● **Work to complete**: The expected output is an exact copy of the lines from the one containing "Anemonen Porzellankrebs - Neopetrolisthes" through the final line of the entries below, with no images.

---- Excerpted records

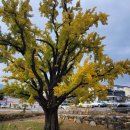 석정온천휴스파 이미지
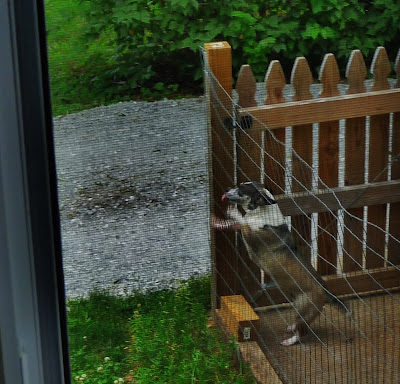 Betty sees the UPS Guy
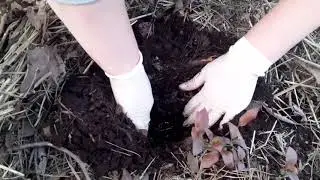 Голубика весной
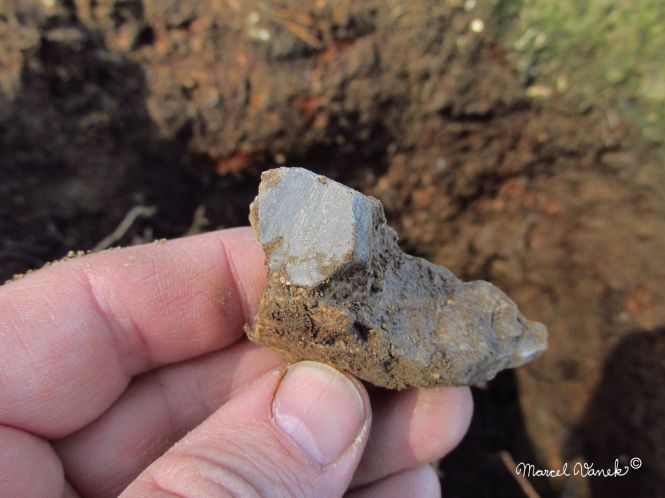 lokality-morava-pokojovice-2017-korund-22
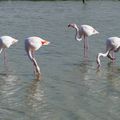 FLAMANTS ROSES EN CAMARGUE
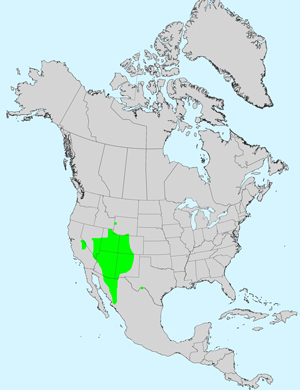 North America species range map for Cirsium arizonicum: Click image for full size map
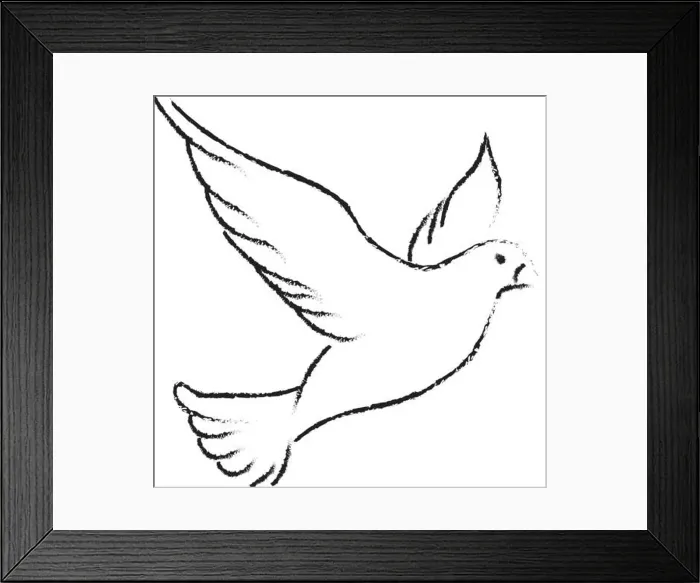 Framed Print : Dove drawing, illustration, vector on white background Framed Print : Dove drawing, illustration, vector on white background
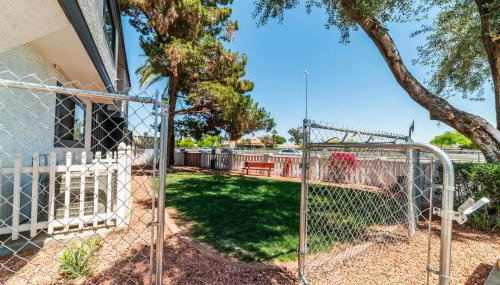 Phoenix Studio King Deluxe - Photo 4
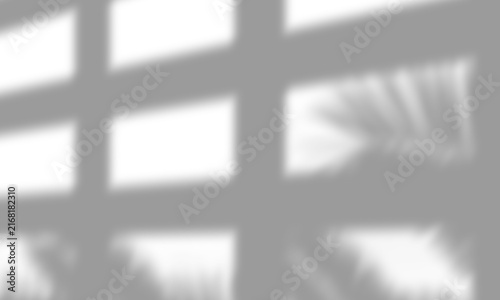 Natural Window Light and Tree Leaf Shadow Overlay PNG Isolated on Transparent Background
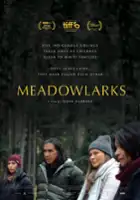 plakat filmu Meadowlarks
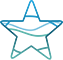 Wireframe AVA Star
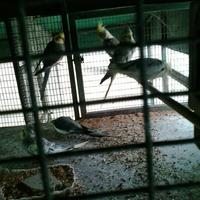 Pappagalli CALOPSITE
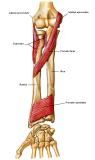 Anatomie:schouder,arm,elleboog,onderarm,pols,vinger,scapula,humerus,olecranon,radius,ulna,scaphoid,naviculare,metacarpus,falanx,phalanx,carpusnervus medianus,nervus axillaris,nervus radialis.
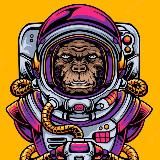 SPACE MONKEY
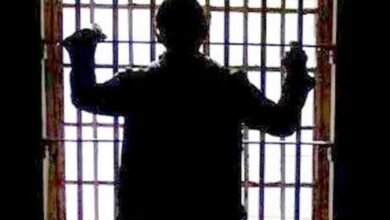 تفاصيل القضية في محكمة جنايات القاهرة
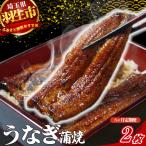 うなぎ 蒲焼 2枚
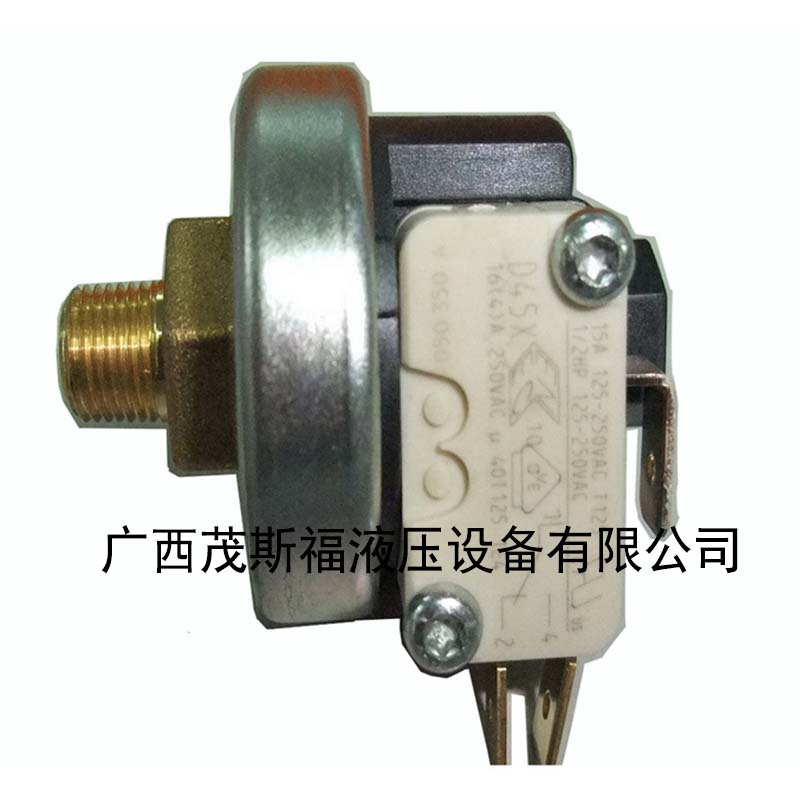 XP110系列高壓蒸汽壓力開關(guān) .jpg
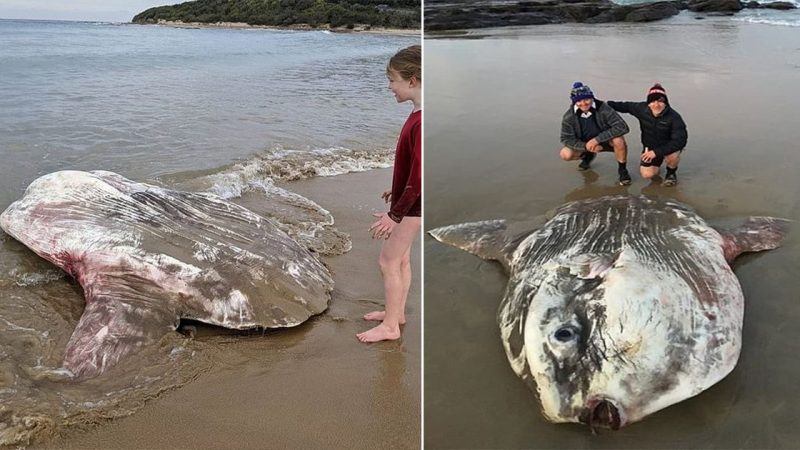 Baffling Encounter: Gigantic 6ft ‘Alien Creature’ Perplexes Beachgoers After Washing Ashore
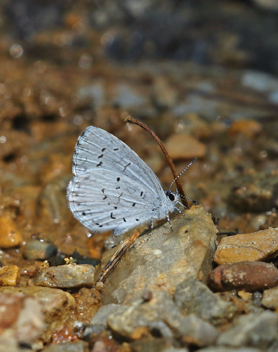 Summer Azure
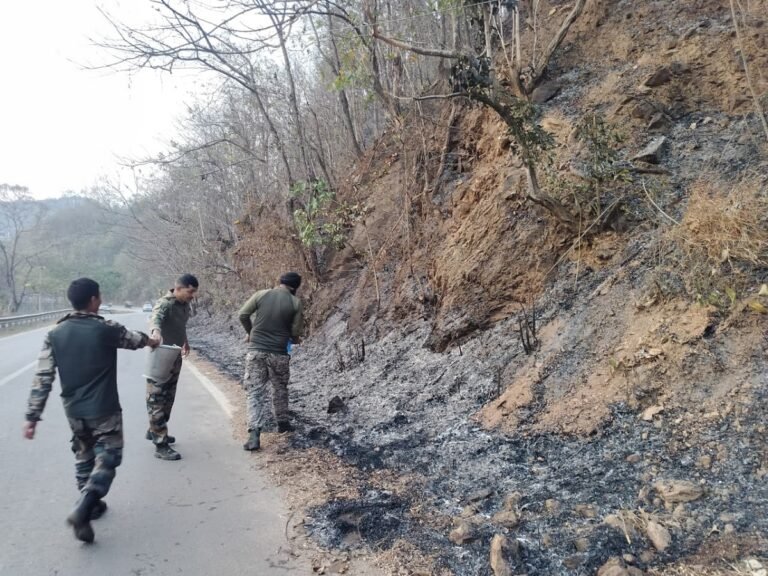 Timely Action by Troops Brings Jungle Fire Near India–Myanmar Friendship Bridge Under Control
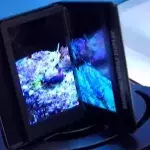 Default image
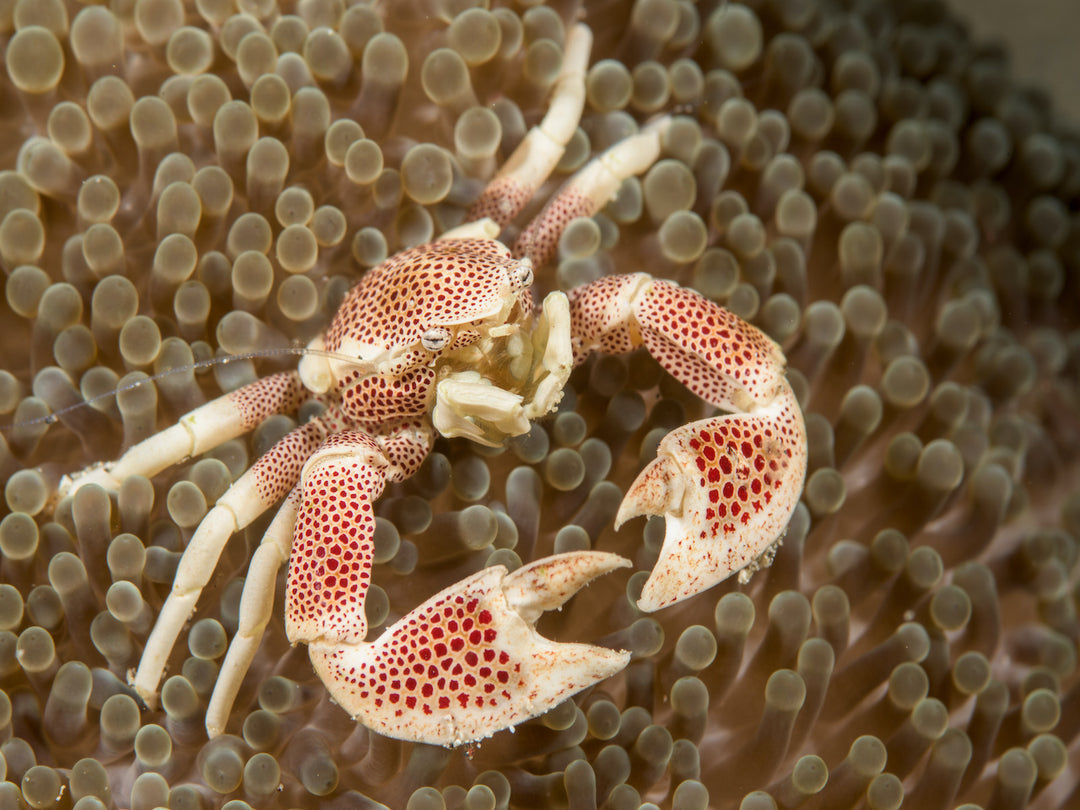 Anemonen Porzellankrebs - Neopetrolisthes maculatus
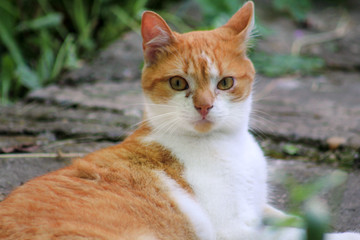Portrait of cute and sweet domestic multicolored playful cat enjoying in fun and game, resting in beautiful garden on nice day and nature environment with green vegetation. Happy cat and life of pet.
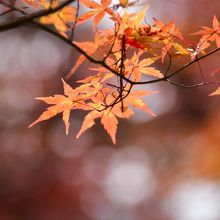 紅葉するもみじ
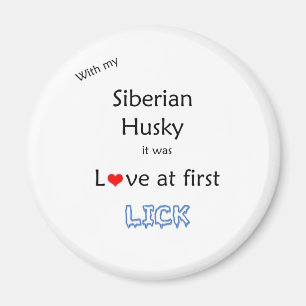 Imán El amor del husky siberiano al principio lame - el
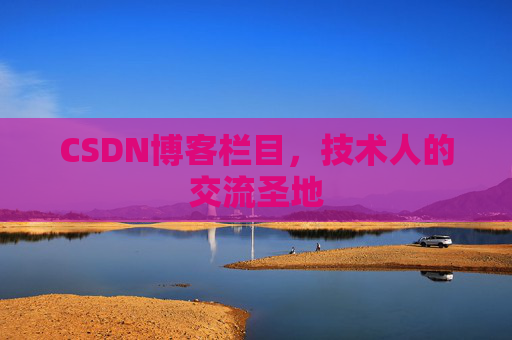 CSDN博客栏目，技术人的交流圣地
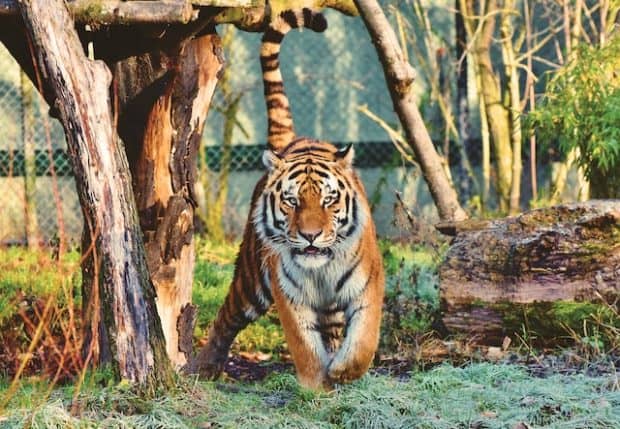 sales tiger needed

--------

● **Response**:
 Anemonen Porzellankrebs - Neopetrolisthes maculatus
Portrait of cute and sweet domestic multicolored playful cat enjoying in fun and game, resting in beautiful garden on nice day and nature environment with green vegetation. Happy cat and life of pet.
 紅葉するもみじ
 Imán El amor del husky siberiano al principio lame - el
 CSDN博客栏目，技术人的交流圣地
 sales tiger needed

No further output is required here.